Still, I didn't mind that much. It was nice to the see that Clark, who had always been a solid child actor, had matured into a solid adult actor, and an even bigger pleasure seeing the returns of Unbreakable's Charalayne Woodard (as Price's mother) and Split's Anya Taylor-Joy (whose teen survivor, rather confoundingly, has apparently developed a Stockholm-syndrome crush on her assailant over the two years since her abduction).
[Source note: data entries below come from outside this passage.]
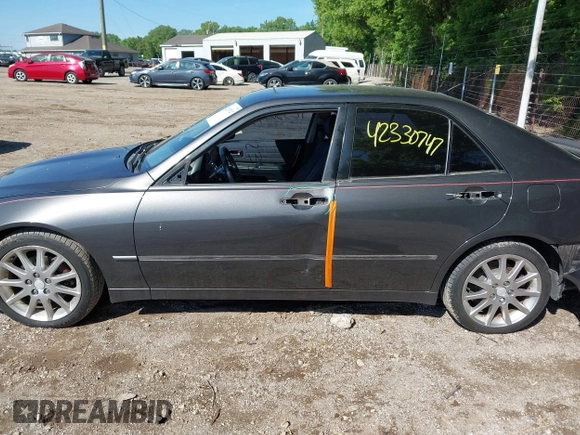 2003 Lexus IS 300/350 z VIN JTHBD192430074659, wystawiony jako IAAI lot #42330747 z przebiegiem 150 809 mil mil oraz . Historia ofert i sprzedaży dostępna na DreamBid. Obrazek 14.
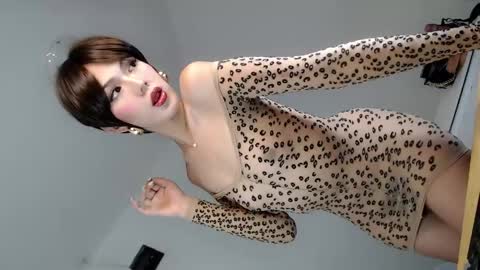 Hello  im your lovely Cheska online show from April 27, 10:24 am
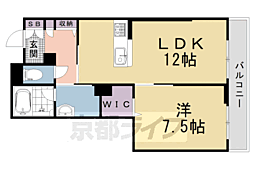 京都地下鉄東西線 二条城前駅 徒歩4分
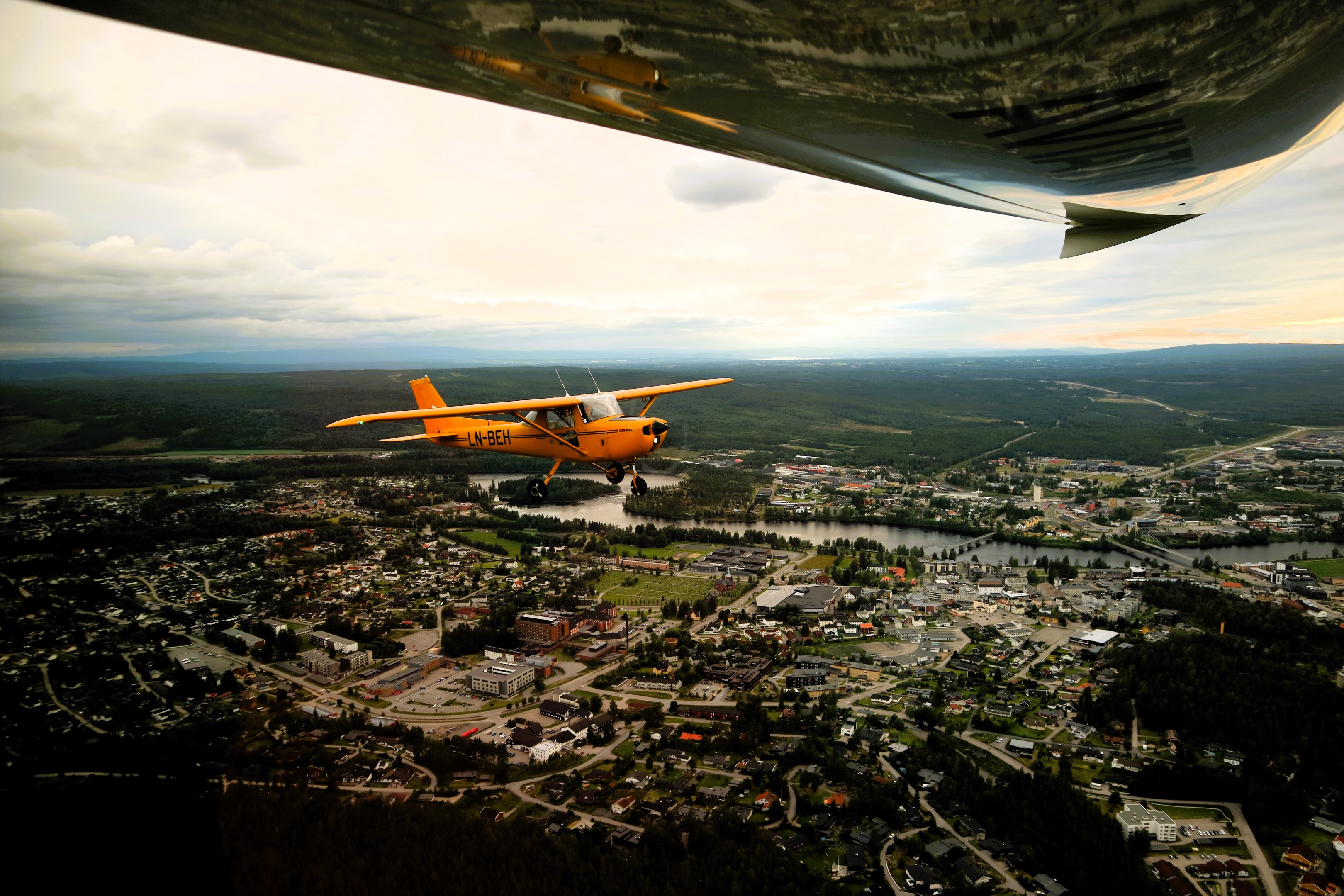 LN-BEH over Elverum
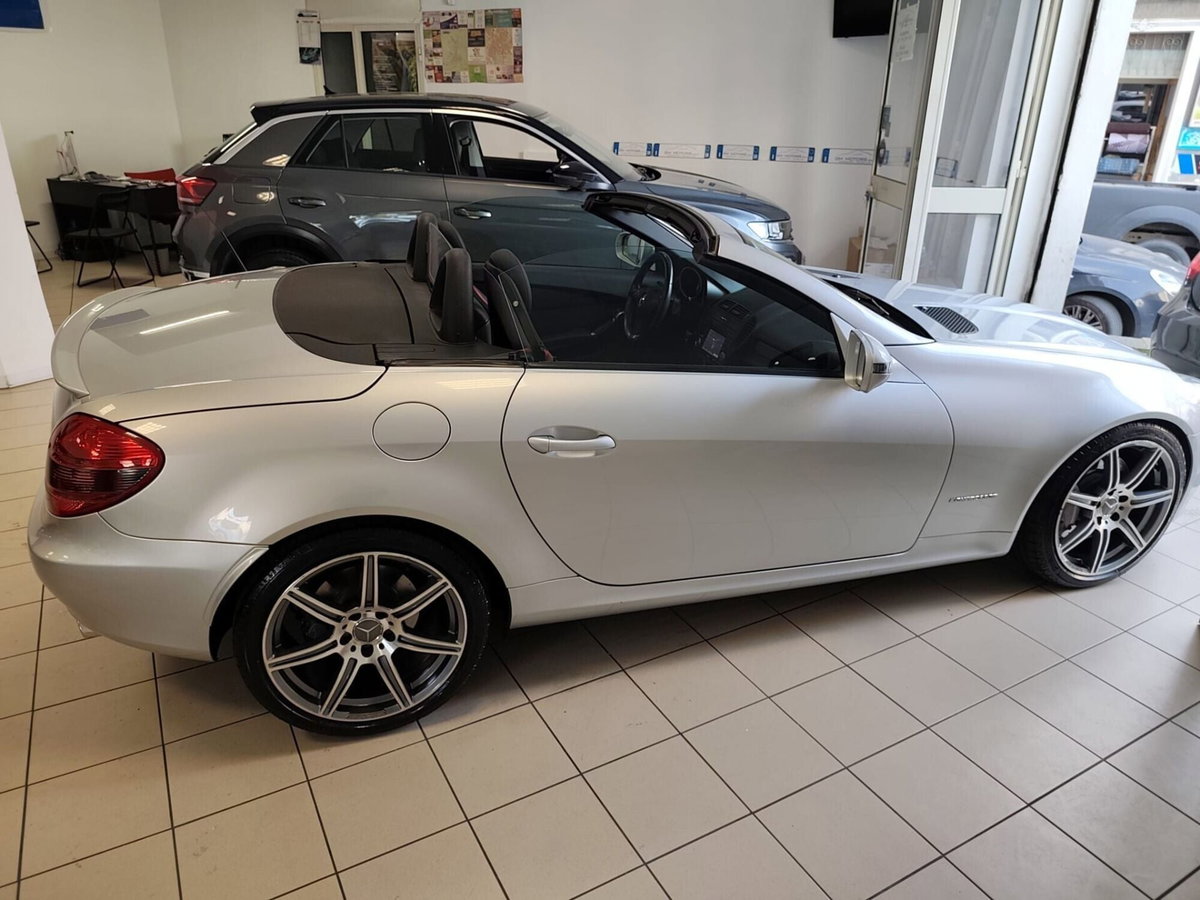 Mercedes-Benz SLK 200 CGI Sport (15)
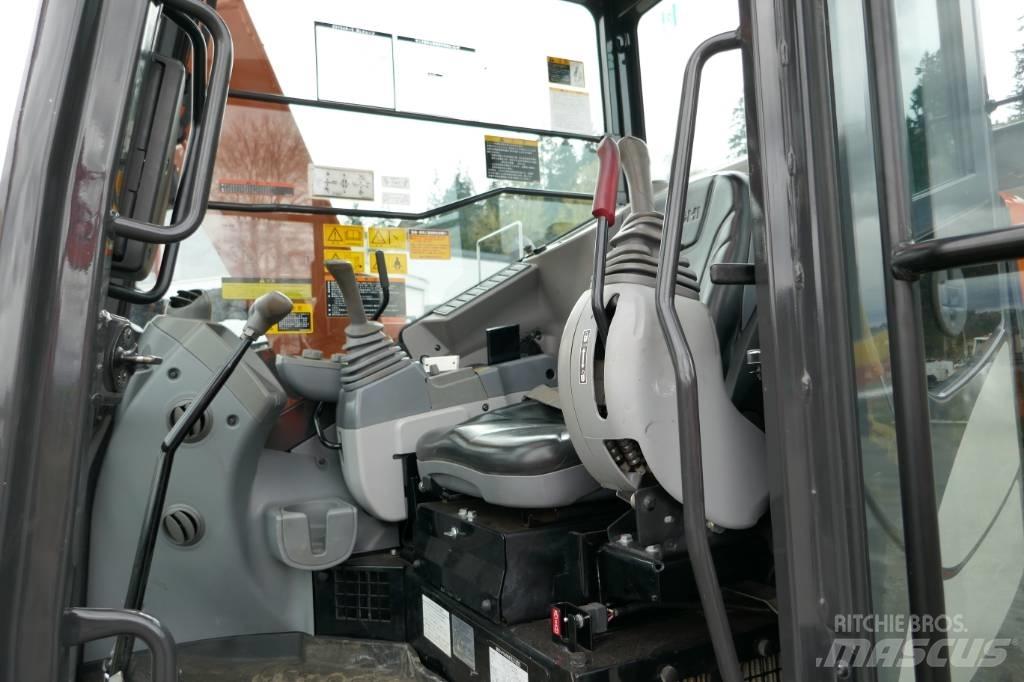 Hitachi ZX75UR-5B Paletli ekskavatörler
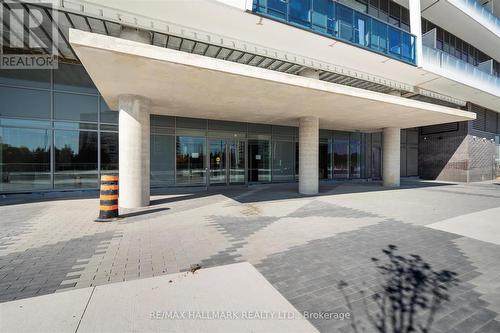 721 - 30 Upper Mall Way, Vaughan, ON - Outdoor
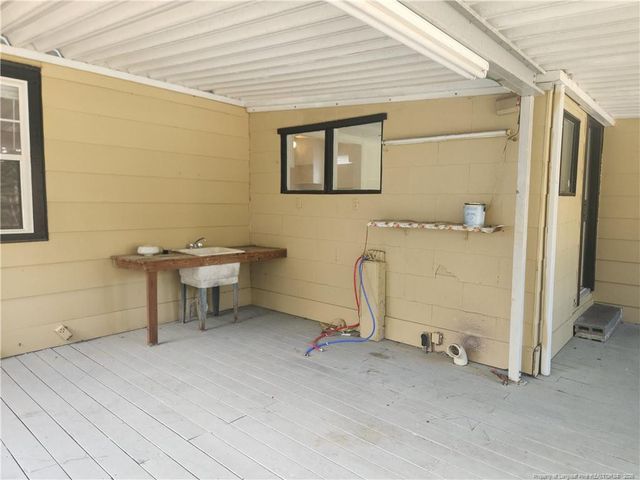 227 Pinecrest Drive, Fayetteville, NC 28305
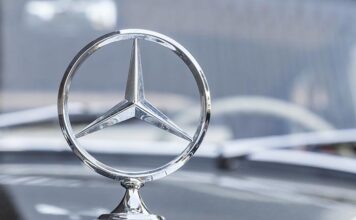 Mercedes отзывает более 100 тысяч автомобилей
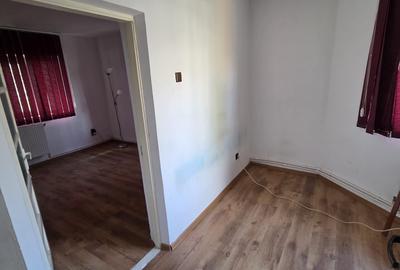 Casă cu 4 camere cu Teren 776 Mp în Unirii - 3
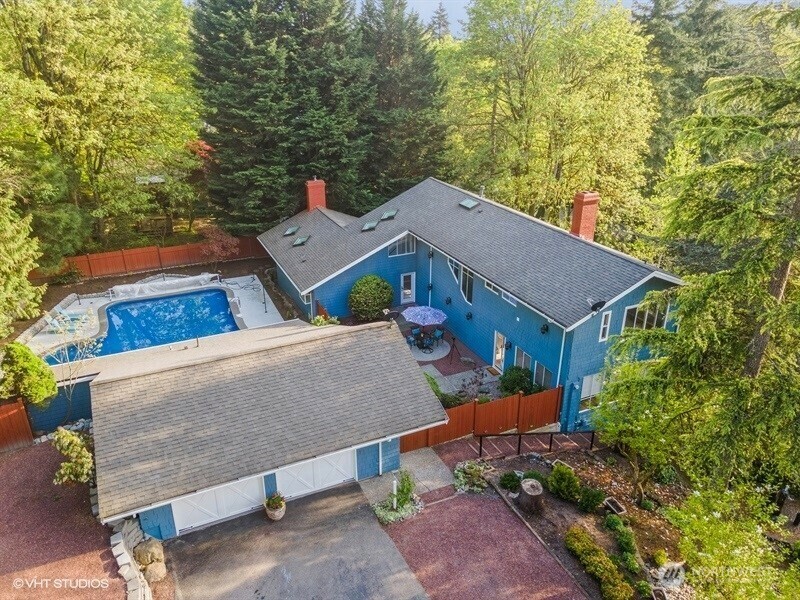 Property Photo: 3204 142nd Place NE WA 98007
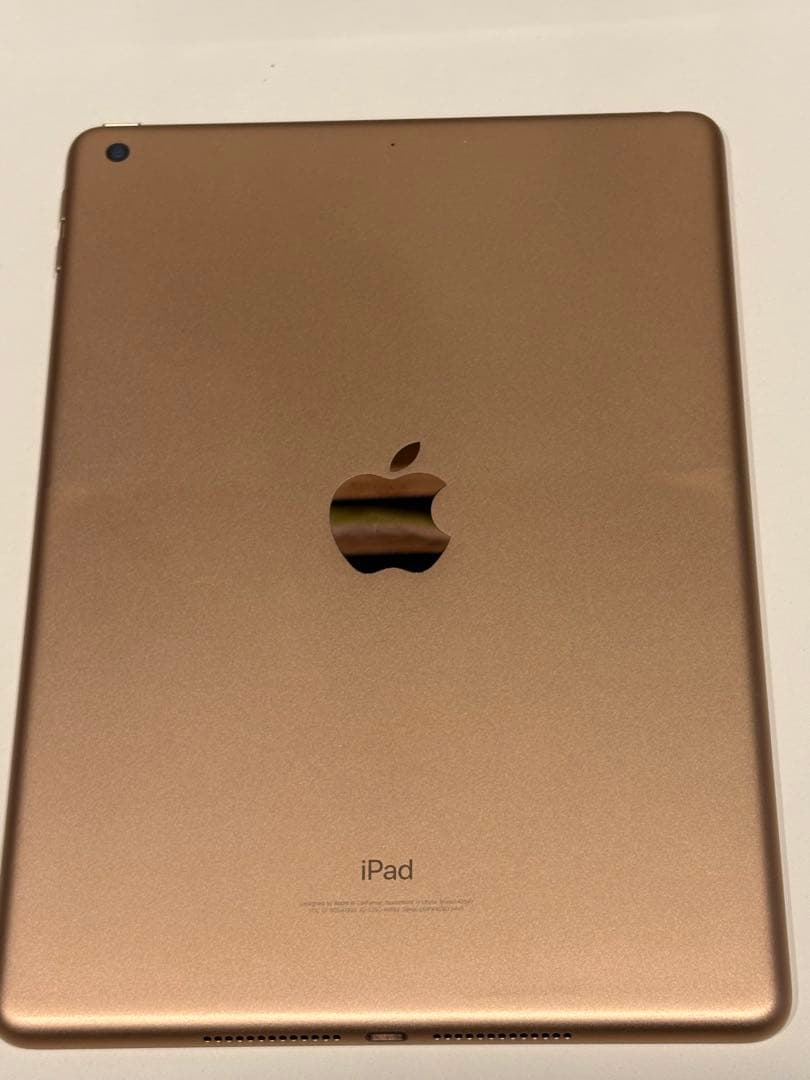 iPad 第６世代　WiFiモデル　ゴールド 32GB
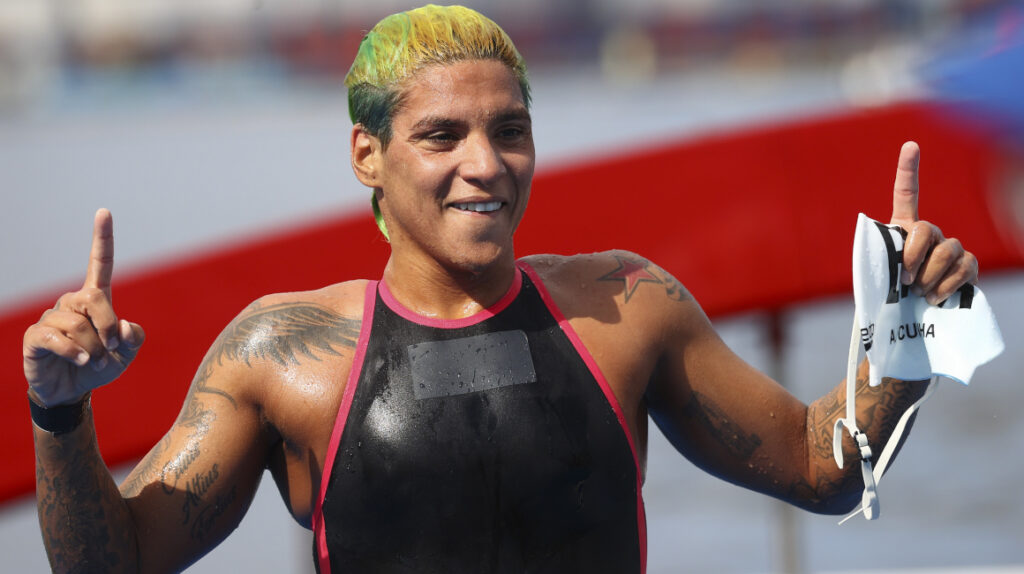 Marcela Cunha domina la maratón acuática y se lleva la medalla de oro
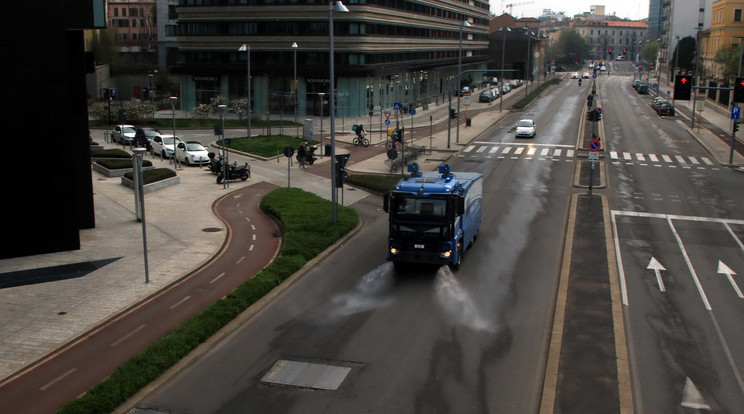 Milánó szinte teljesen kihalt, az utakat fertőtlenítővel mossák napközben /Fotó: MTI EPA-ANSA Paolo Salmoirago 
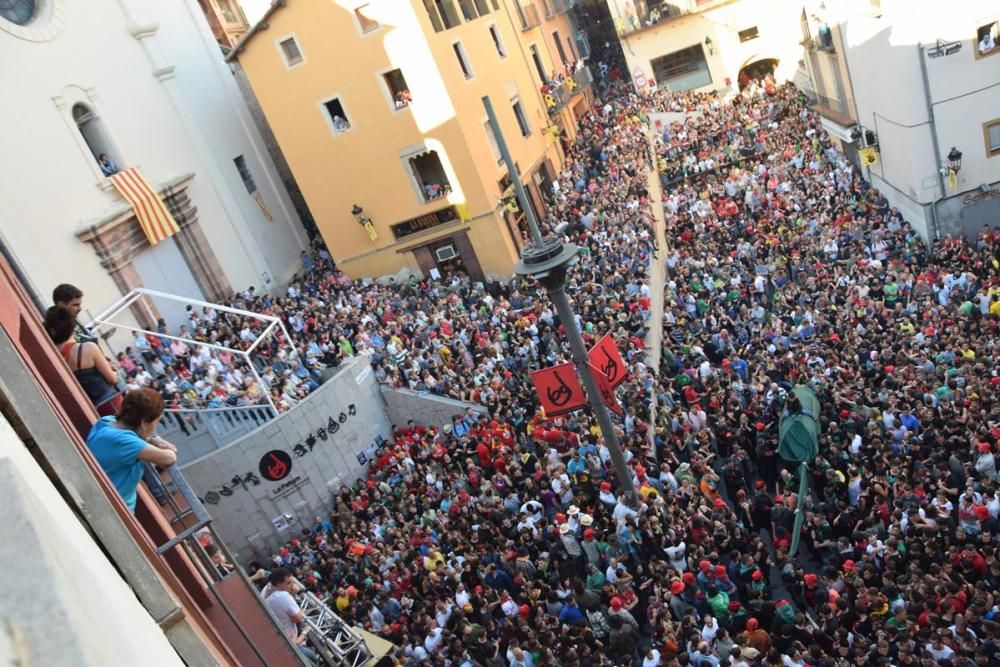 La plaça de Sant Pere s'omple en l'inici de la darrera passada de la Patum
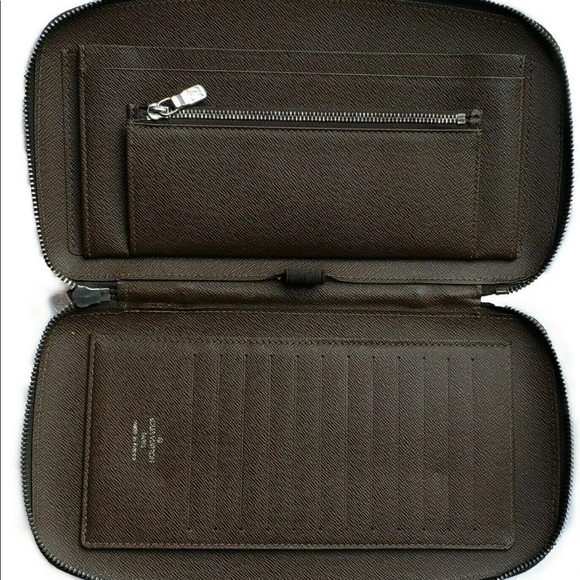 Louis Vuitton Clutch (Mens) Rare - Picture 6 of 8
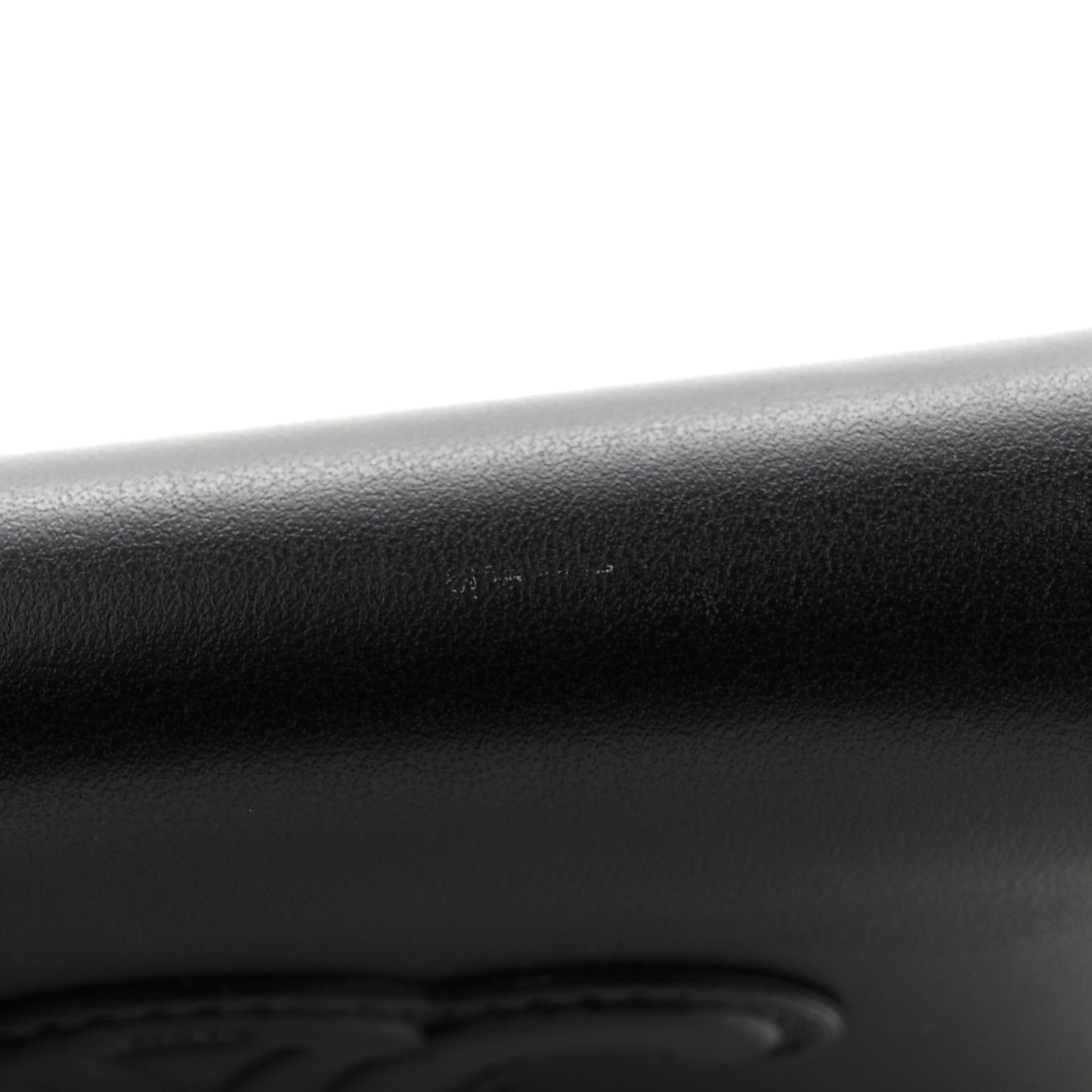 Calfskin Triomphe Zipped Compact Wallet Black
Beyond his mostly sharp pacing, Shyamalan comes through with a handful of arresting images that are held for near-perfect lengths of time, particularly Price's deliberate roll down a hallway while Crumb, out of focus, swiftly fells a trio of hospital guards. Willis may look customarily sleepy, but Jackson at least appears wide awake, delivering a juicy bit of retribution – and deliciously nasty verbal kicker – to an obtuse orderly. Despite the film's “Look to me!” self-consciousness, there are also admirable fringe touches, such as the 23 toothbrushes stationed near Crumb's hospital bed. And, of course, there's Crumb himself, whom the verbally dexterous, physically witty, and supremely playful McAvoy portrays with a fiendish glee indicating that he, too, would continue his involvement with this series if at all possible. So I say bring on those Glass prequels. Some of Crumb's toothbrushes, I noticed, had still been unopened.